Copy out, exactly and with nothing else, the stretch of lines that starts at the line containing "Lanière antichute de" and finishes at the end of the data.

* **Given data**
= = =
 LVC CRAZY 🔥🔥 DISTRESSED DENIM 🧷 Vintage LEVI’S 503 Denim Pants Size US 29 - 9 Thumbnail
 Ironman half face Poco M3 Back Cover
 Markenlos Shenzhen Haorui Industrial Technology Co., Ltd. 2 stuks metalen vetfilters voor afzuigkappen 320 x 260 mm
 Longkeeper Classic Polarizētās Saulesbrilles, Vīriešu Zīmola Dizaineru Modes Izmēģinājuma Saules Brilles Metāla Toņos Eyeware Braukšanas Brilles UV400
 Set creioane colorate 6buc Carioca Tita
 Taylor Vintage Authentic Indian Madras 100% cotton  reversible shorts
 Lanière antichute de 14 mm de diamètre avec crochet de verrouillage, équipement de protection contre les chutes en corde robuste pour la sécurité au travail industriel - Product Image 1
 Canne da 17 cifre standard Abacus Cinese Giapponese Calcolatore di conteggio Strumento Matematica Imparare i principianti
= = =
* **Solution below**
 Lanière antichute de 14 mm de diamètre avec crochet de verrouillage, équipement de protection contre les chutes en corde robuste pour la sécurité au travail industriel - Product Image 1
 Canne da 17 cifre standard Abacus Cinese Giapponese Calcolatore di conteggio Strumento Matematica Imparare i principianti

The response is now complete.